Bloomberg made the decision over the weekend and will announce it Thursday, according to the person, who has been briefed on the matter but spoke on condition of anonymity because the announcement hasn't been made. The person said the mayor has been wrestling with the decision for the past couple of months.
The billionaire former CEO will cite the nation's precarious economic situation as the reason that New York needs a tested financial manager to stay and guide the city, the person said.
The mayor, founder of the multibillion-dollar financial data firm Bloomberg LP, is reported to be worth an estimated $20 billion.
News of Bloomberg's decision was first reported by The New York Times.
The move is risky because the mayor would be going against both his own prior support of term limits and polls that show the public supports the voter-approved law.
The individual close to the mayor said Bloomberg's plan is go through the City Council to amend the law to allow a third term because it is too late to get the issue on this year's ballot. A Times survey of council members last month found that a majority were willing to amend the term limits law.
Chris Kelley, associate director of the government watchdog group Common Cause New York, accused Bloomberg of attempting to subvert the will of the voters.
"If there's a discussion that needs to be had about term limits, the mayor has had years in office during which we could have had a public discussion," Kelley said. "We are now faced with a situation where we are looking at economic crisis and massive turnover at City Hall ... and to make an end run around the voters' choice is just incredibly disappointing."

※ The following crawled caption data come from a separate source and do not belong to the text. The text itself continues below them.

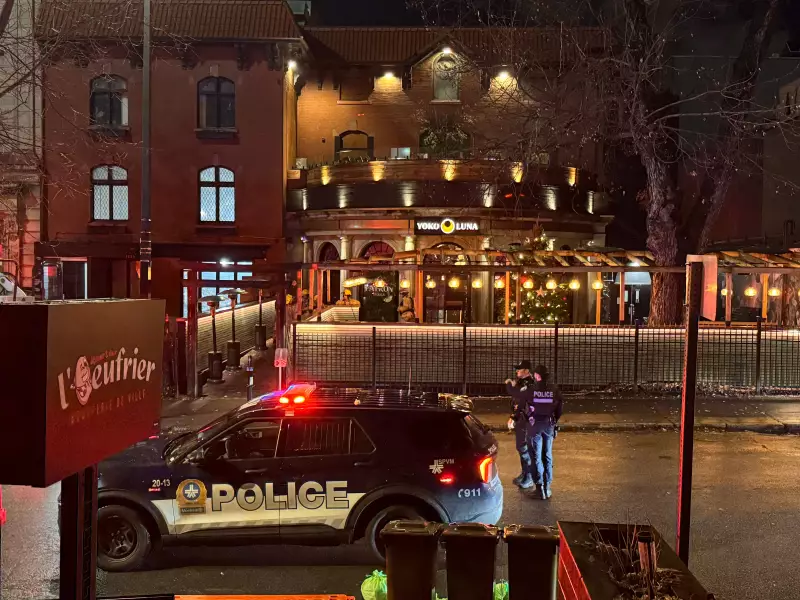 Montreal Police Investigate Incendiary Device at Downtown Restaurant Fire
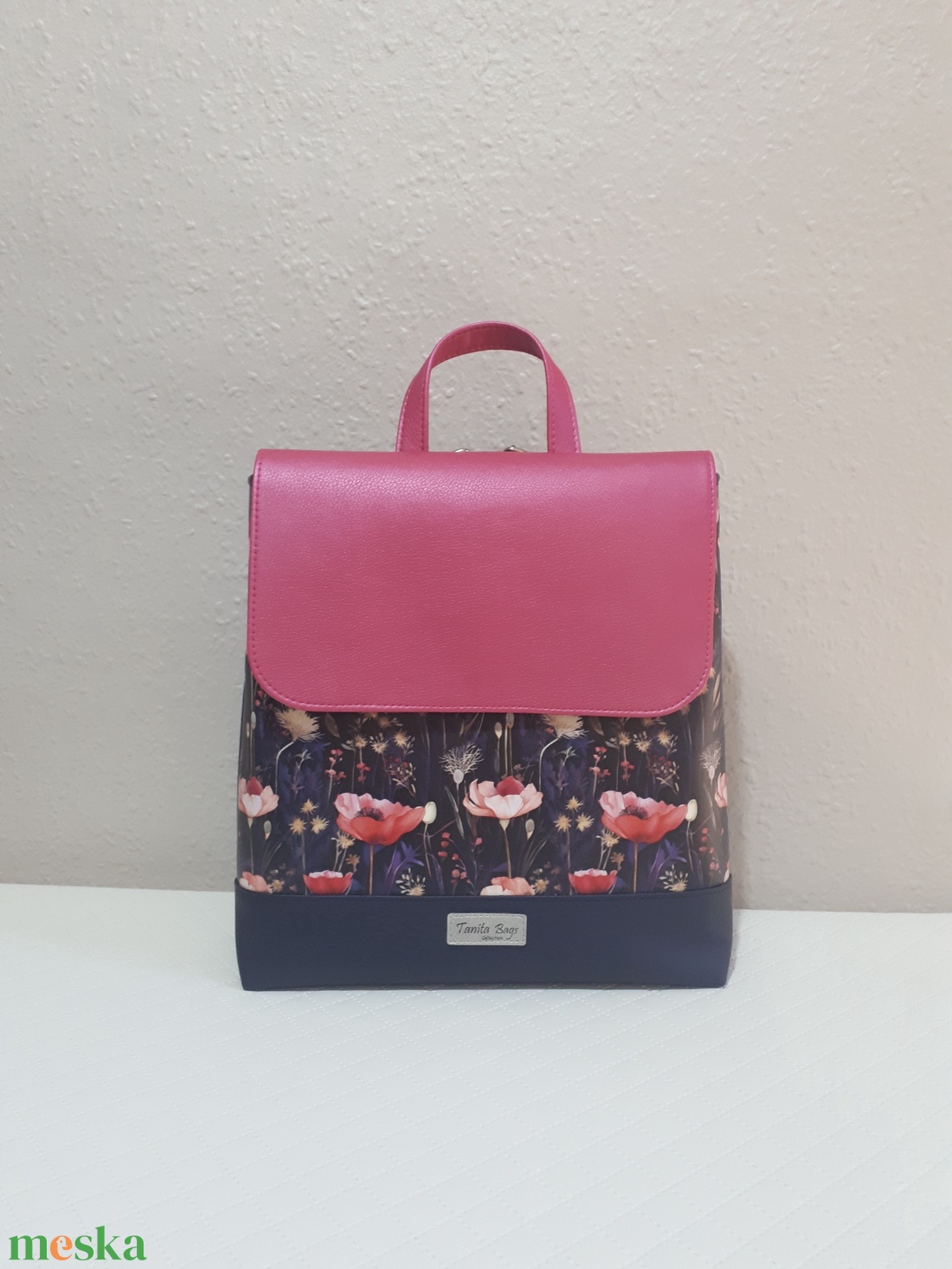 Pink pipacsos hátitáska - táska & tok - hátizsák - hátizsák - Meska.hu Pink pipacsos hátitáska - táska & tok - hátizsák - hátizsák - Meska.hu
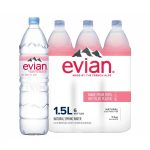 Evian Natural Spring Water 1.5L 6-Pack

When Bloomberg vetoed a bill in 2002 that would have extended the terms for some officials, he said the proposed law amounted to changing the rules for personal political gain. In recent months, however, the Democrat-turned-Republican-turned-independent hinted that he'd be willing to overturn the measure.
Bloomberg's change of heart comes amid the nation's worst financial emergency since the Great Depression. The turmoil has dealt a serious blow to the city's economy, which relies on heavily on Wall Street profits for its tax base.
The crisis had led at least one major supporter of term limits to support a third term for Bloomberg.
The New York Post reported Tuesday that billionaire cosmetics heir Ronald Lauder, who spent millions on the referendum that led to the enactment of the two-term limit in 1993, was willing to make a one-time exception for Bloomberg.
"I've been reading that Mayor Bloomberg might be interested in serving a third term," Lauder told the Post. "Because of the unprecedented times, this is welcome news. To me, Mayor Bloomberg's brilliance in the financial sector, particularly Wall Street, would be invaluable."
Just weeks ago, Lauder's spokesman announced that he would bankroll television commercials arguing that term limits were still needed. Lauder's office and his spokesman didn't immediately return calls from the AP on Tuesday.
Mark Green, the former city public advocate who lost to Bloomberg in 2001, called the mayor's move "an antidemocratic, unfeeling, power grab."
Green, now president at Air America Media, said civic and labor officials had discussed mounting a pro-term-limits campaign should Bloomberg seek to overturn the law.
"He's picked a fight. And now he'll get one," he said.
Dick Dadey, executive director of the good-government group Citizens Union, said that any change to the law should be made by voters, not legislators. "There are compelling reasons to consider changing the law. But the will of the voters is sacrosanct on this issue," he said.
Not even 9/11 swayed the support many New Yorkers have for the term-limits law.
With his second term nearly over, then-Mayor Rudolph Giuliani suggested overturning the term-limits law but ultimately decided against it. Even in the wake of the attacks, with Giuliani's approval rating at 90 percent, one poll found that 55 percent of New York City voters opposed repealing term limits.
Any change in the law would send shock waves through the ranks of the city's politicians, many of whom have been campaigning for different jobs, including Bloomberg's. The law currently on the books will force the mayor from office at the end of next year, as well as the city comptroller, two-thirds of the city council and the city's public advocate.
Democrats lining up to run for mayor include city Comptroller William Thompson, city council speaker Christine Quinn, U.S. Rep. Anthony Weiner and city councilman Anthony Avella. On the GOP side are supermarket magnate John Catsimatidis and lawyer Bruce Blakeman.
Bloomberg spent some $155 million on his first two campaigns, winning re-election by 20 percentage points in 2005.
John Collins, a spokesman for Weiner, said the news did not change the Queens congressman's intention to run for mayor.
"This is highly speculative," Collins added. "It's illegal to run for a third term."
Thompson called Bloomberg's plan a "terrible idea."
"This isn't about a person," he said. "Other leaders could move this city forward also."